Barbara Ballinger is a freelance writer and the author of several books on real estate, architecture, and remodeling, including The Kitchen Bible: Designing the Perfect Culinary Space (Images Publishing, 2014). Barbara’s most recent book is The Garden Bible: Designing Your Perfect Outdoor Space, co-authored with Michael Glassman (Images, 2015).
How Much Does it (Really) Cost to Decorate?
Eight designers share secrets about the costs of assembling finished spaces—and the numbers may surprise you!
June 10, 2013
Surveys such as Remodeling magazine’s “Cost vs. Value” report detail how much it costs to complete a variety of major popular home improvement projects each year, including the always popular kitchen and bathroom redos.
But those numbers don’t reveal many of the additional expenses that give a room a truly finished look: a good paint job, built-in cabinetry, furnishings, carpeting, lighting, accessories, and so much more. Buyers and sellers who haven’t recently decorated or remodeled have no clue how quickly costs add up — sometimes exponentially.

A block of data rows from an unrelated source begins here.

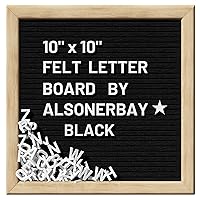 Alsonerbay Felt Letter Board 10x10 Inch Changeable Oak Frame Wooden Message Board Sign with Precut Letters Numbers & Symbols for Baby Announcement Milestones Classroom Wifi Password Black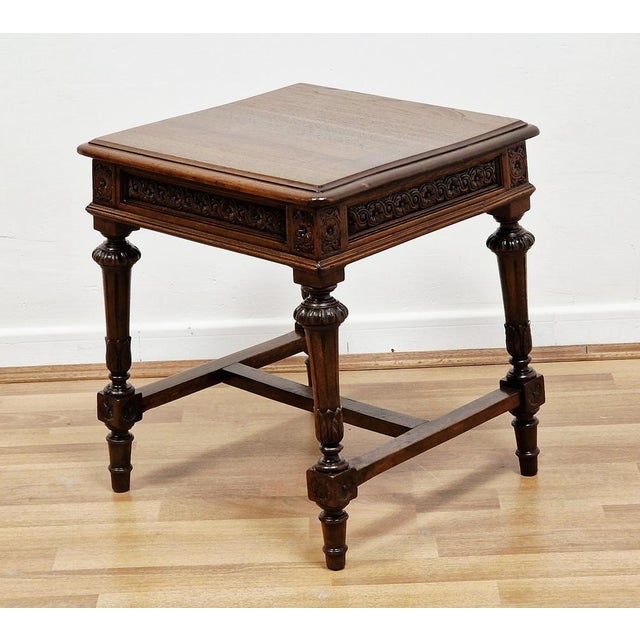 Umbertine Hand-Carved Walnut Side Tables, Italy, Late 19th Century, 1890s, Set of 2 For Sale - Image 5 of 14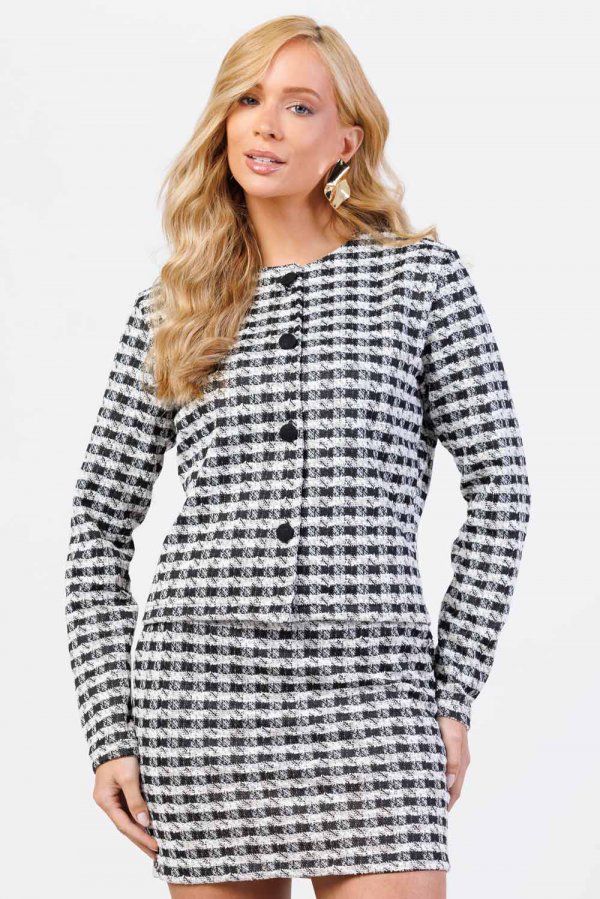 CONJUNTO FEMININO TWEED NARA BRANCO/PRETO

To get an idea of what finished rooms cost to complete, we asked top designer-owners of Decorating Den Interiors franchises in different cities to show us a single room they designed. They shared before and after photos, furnishing costs, and each space’s challenges and advantages. You’ll hear where they splurged and when they cut back, as well as additional tips to guide you through the process of completing a room.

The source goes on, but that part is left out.